O DAC é bem conhecido, e este artigo não contemplará ele. Focaremos no MAC, razoavelmente pouco conhecido, mas muito eficaz.

Atualmente existem vários tipos de MACs: SELinux da Red hat, AppArmor utilizado no Ubuntu, Smack um MAC focando em simplicidade e o Tomoyo que possui uma espécie de inteligência artificial baseada no histórico de ações tomadas previamente. Destacaremos, de forma breve, o poder de fogo do AppArmor.

AppArmor

O AppArmor foi incluído no kernel Linux oficial em sua versão 2.6.36, mas seu desenvolvimento (e uso) começou já em 1998, na distribuição GNU/Linux Immunix. Com a aquisição pela Novell em 2005, o AppArmor (aparentemente o principal motivo da aquisição) foi adotado no SUSE Linux Enterprise. Num caso infeliz e bastante noticiado, no entanto, em 2007 a equipe de desenvolvimento do AppArmor foi dispensada pela empresa.

O AppArmor se baseia nos caminhos dos arquivos para definir seu contexto de segurança. Os arquivos de configuração, assim com os domínios de segurança, estão nos diretórios /etc/apparmor/ e /etc/apparmor.d/.

Assim como os demais sistemas MAC, o AppArmor também dispõe de dois modos de operação: enforcement (ativo) e complain (reclamação, equivalente ao permissivo do SELinux: relata violação das políticas mas não impede nada).

Para desabilitar o AppArmor como um todo, basta parar o serviço deste.

As políticas se localizam em /etc/apparmor.d/. Dentro deste diretório, temos os mais vastos serviços ou utilitários que rodam sobre a autoridade do AppArmor.
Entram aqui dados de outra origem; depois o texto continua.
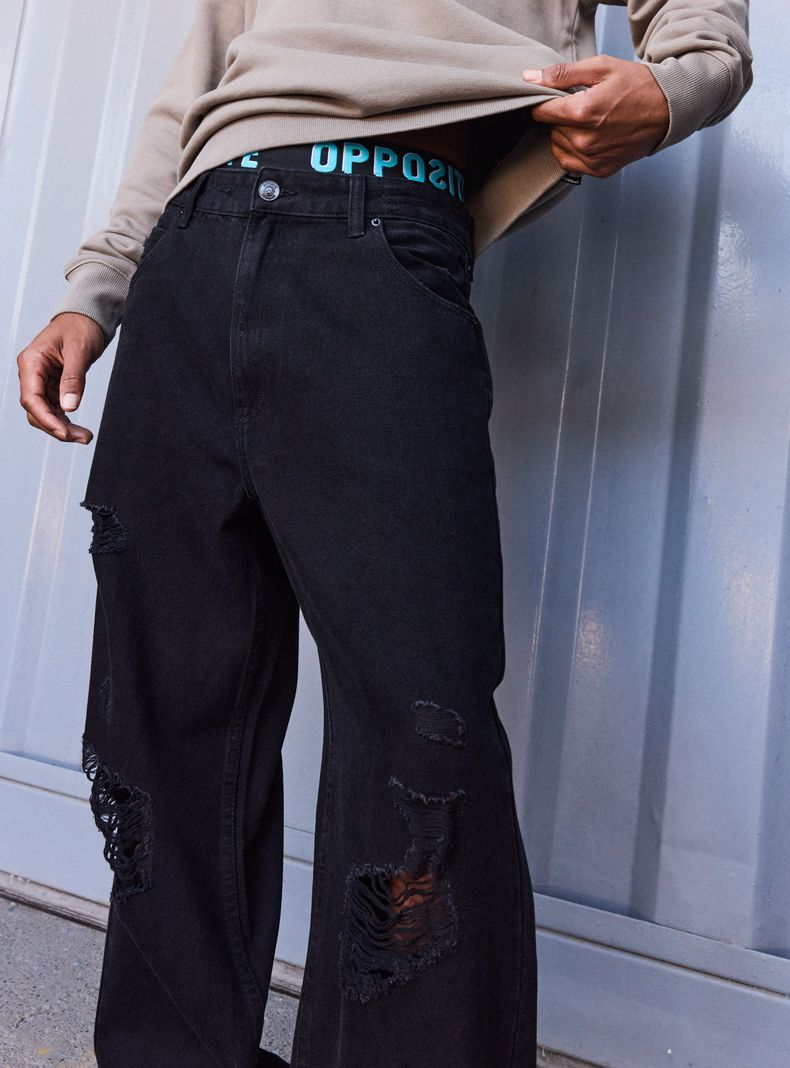 Jeans Rasgado-2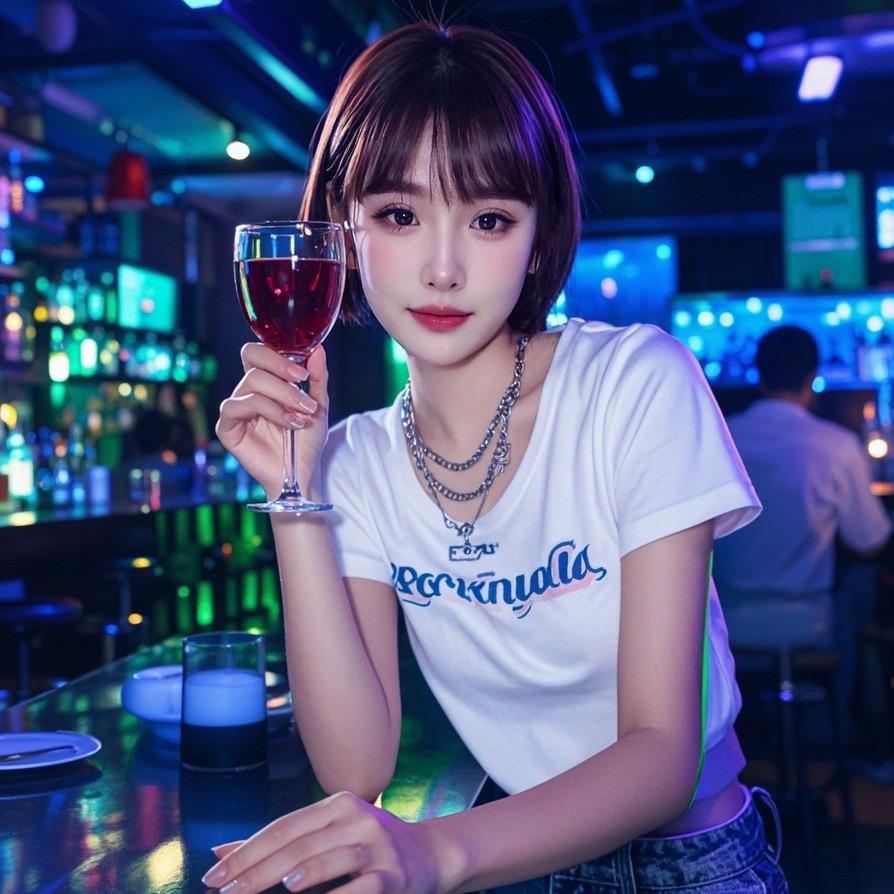 二璐的朋友圈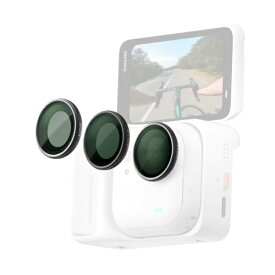 INSTA360｜インスタ360 GO Ultra NDフィルターセット CINSBBEJ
Por exemplo:

                      /usr/sbin/tcpdump → /etc/apparmor.d/usr.sbin.tcpdump

                      /sbin/dhclient3 → /etc/apparmor.d/sbin.dhclient3

O perfil é associado ao programa no momento em que este é executado. Portanto, como nos informa a man page do AppArmor, não é possível confinar um programa que já esteja em execução.

Os perfis em uso, juntamente com seus respectivos modos de operação no momento, podem ser obtidos com uma consulta ao securityfs (já montado por padrão pelo Ubuntu):

                      root@Umbreon ~ # cat /sys/kernel/security/apparmor/profiles

                      /usr/sbin/tcpdump (enforce)
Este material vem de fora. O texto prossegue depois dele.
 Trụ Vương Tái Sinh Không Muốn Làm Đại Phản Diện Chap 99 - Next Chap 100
                      /usr/lib/connman/scripts/dhclient-script (enforce)

Esta saída significa que nosso sistema atualmente tem quatro perfis de segurança, para os dois programas exibidos na saída, e o modo de operação de todos eles é o enforce.

O AppArmor trabalha com o daemon auditd para exibir suas mensagens. Se o audit não estiver instalado, ele utilizará as mensagens de kernel normal do Linux, ou seja, o syslog. É muito interessante instalar o auditd e utilizá-lo para que tenhamos um log limpo do nosso sistema e do que ocorre com ele.

A visualização do MAC AppArmor é simples. Basta executarmos o comando apparmor_status, que surgem nossos perfis e políticas:

               root@lab01 ~ # apparmor_status

               apparmor module is loaded.

               24 profiles are loaded.

               2 profiles are in enforce mode.

                /sbin/dhclient3

                /usr/sbin/tcpdump

              4 profiles are in complain mode.

              /bin/ping

              /usr/lib/dovecot/pop3

             /usr/lib/dovecot/pop3-login

             /usr/sbin/avahi-daemon

            4 processes have profiles defined.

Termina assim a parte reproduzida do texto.